Caroline Hill is a catalyst for equity and founder of the DC Equity Lab and co-founder of the Equity Design Collaborative—two emerging nodes in the education equity ecosystem.  The DC Equity Lab invests in early-stage education ventures in Washington, D.C. and enables them to design solutions that create and scale equity in schools, organizations, and communities.

This interview is part of the Aspen Institute Center for Urban Innovation’s series of conversations with inclusive innovation practitioners.

Jennifer Bradley:  What does co-creation mean to you?

Caroline Hill:  When I think about co-creation, I think about what it is like to design with people rather than for them, from the inception of understanding the problem to the process that you use to solve it.

JB:  How do you apply co-creation to your organization or your work?
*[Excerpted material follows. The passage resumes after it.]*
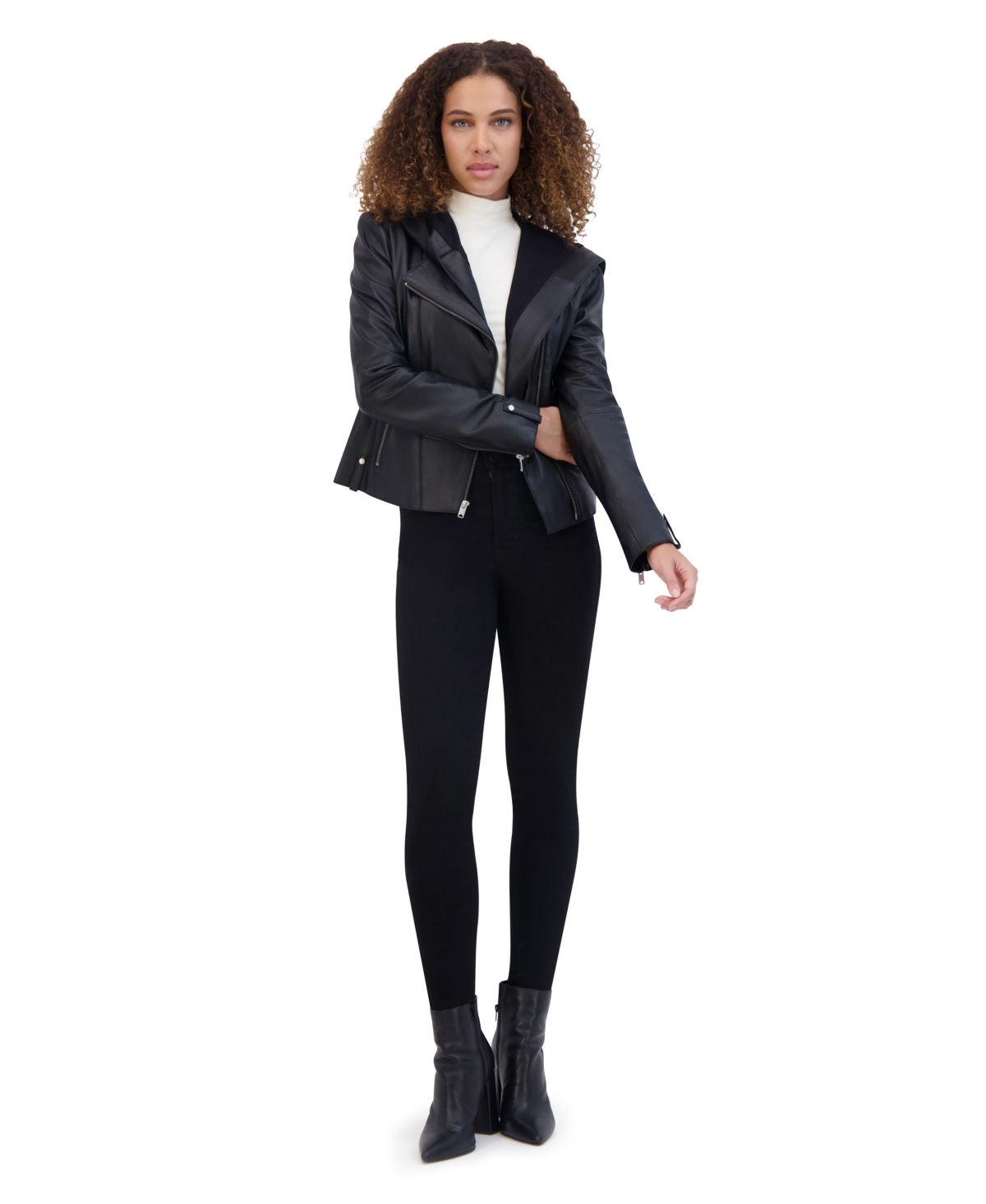 Andrew Marc Women's Lunar Lightweight Leather Hooded Moto Jacket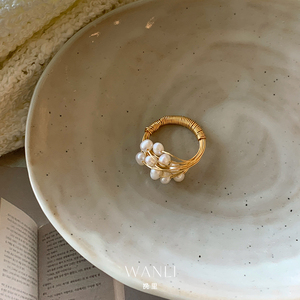 挽里天然手工淡水珍珠戒指 小众设计感气质复古细线缠绕气质女戒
CH:  I think there’s a couple of tangible examples from our work with the truancy taskforce in DC.  One of the first prerequisites for co-creation is having the people who experience the problem in the room.  We coordinated with school leaders to have students in the room.

JB:  What would you tell an organization or an individual who wants to co-create with the people that they are trying to serve?

CH:  First start with yourself.  That means understanding the role that your identity plays in the privilege and the power that you hold.  That means understanding the problem that you’re trying to solve and asking yourself in what ways are you best equipped to solve this problem, and understanding that expertise might not exist with you, and making room for other people at the table.